Victor Drug Store Could Impact Future Health Care

By Dave Franzman, Reporter

VICTOR, Iowa - The small town of Victor now has something you won't find anywhere else in Iowa. It's a pharmacy without an actual pharmacist in the building. And the experiment is merging some new technology with new state rules to solve a problem a lot of small towns may face.

Actually, Victor Drug doesn't look much different from the outside. It's a typical storefront on a main street in the Iowa County community of just under 900 people. But inside is where you really see the difference. Technicians are behind the drug store counter and take the prescription orders in person. But the pharmacist on duty is actually located at another drug store about ten miles away. Customers wear headphones and interact with the remote pharmacist through a secure computer video connection.
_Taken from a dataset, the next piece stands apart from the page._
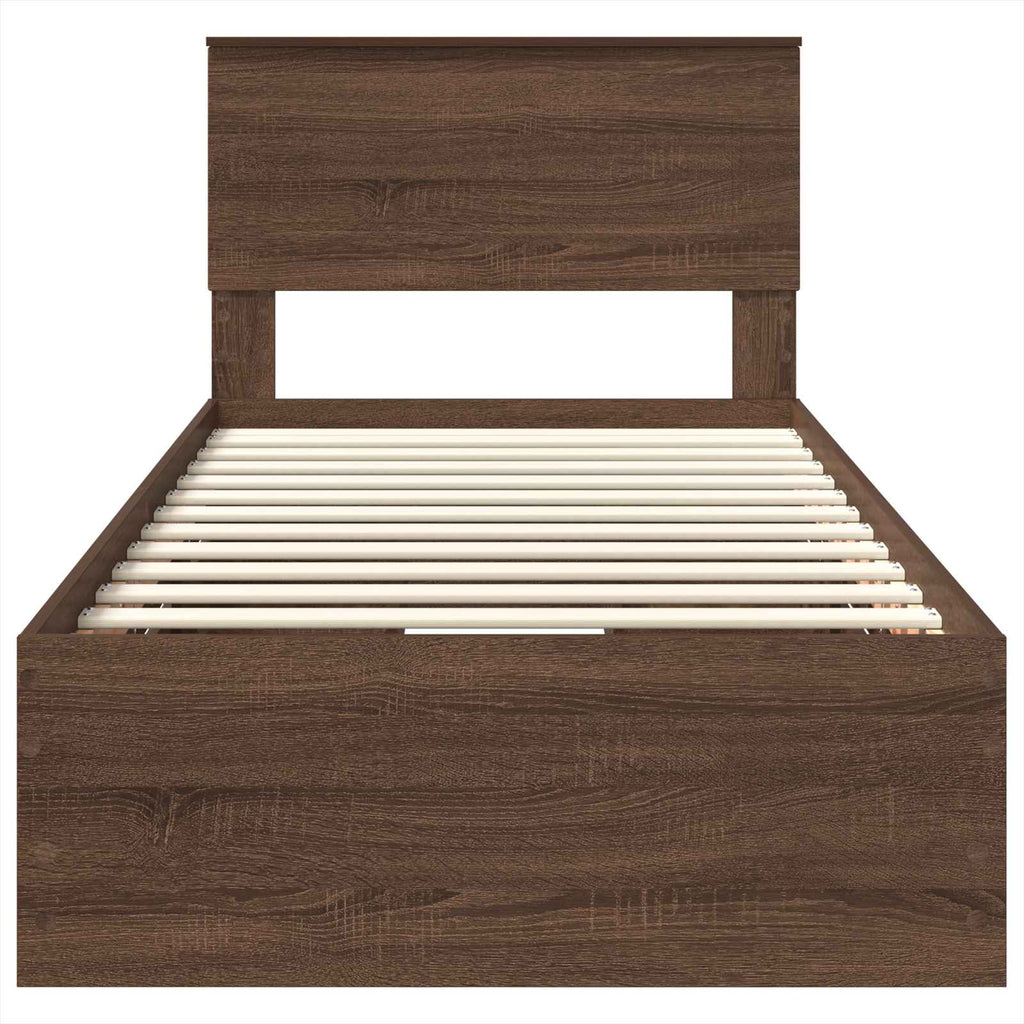 vidaXL Ramka łóżka Brązowy dąb 75 x 190 cm Drewno inżynieryjne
That makes it the first true tele-pharmacy in Iowa and it may take time for residents in the small town to get used to the changes. But Steve Border, who was picking up a prescription Wednesday, said the community may adapt quicker than you'd expect.
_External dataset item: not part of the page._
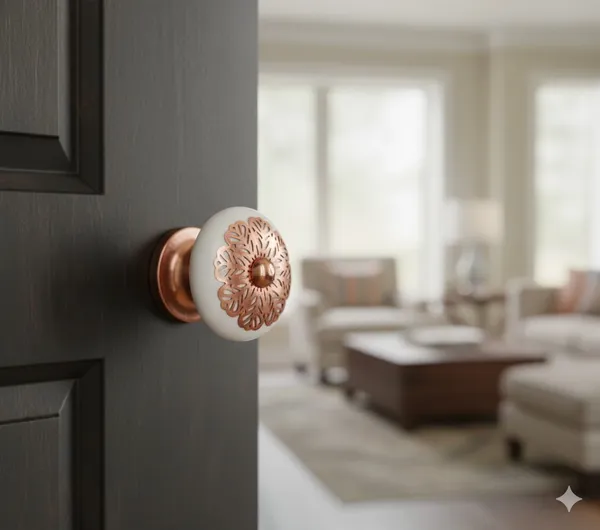 White_&_Copper_Copper_Ceramic_Knob_(Pack_Of_6)_(4.5L_X_4.5B_X_6.5H_Cm)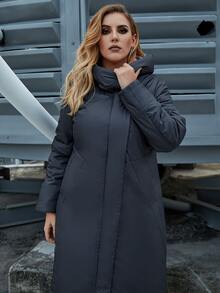 Astrid Plus Size Zip Up Pocket Side Hooded Padded Coat - Dark Grey - View 3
"As an example, my mother's 90. And she's on the internet all the time. I don't think it'll be a problem for her," Border said.

Todd Thompson opened Victor Drug last week after community members approached him to locate a pharmacy in the town. The last traditional drug store in Victor closed two years ago. Thompson, who owns a total of five small town drug stores, said you usually need a population of at least 1,200 to 1,600 people to support a fully-staffed pharmacy. But as he looked at the situation in Victor, the idea of sharing a pharmacist at another location took hold.

The new Victor Drug has technicians in the store to take the actual order and fill the prescription from the 600 to 650 medications kept in stock. The pharmacist in a neighboring town reviews the work through the video connection and also consults face to face with the customer in the same manner.

Thompson said automatic drug dispensing machines would have been another option for Victor. But the community probably couldn't have supported that financially.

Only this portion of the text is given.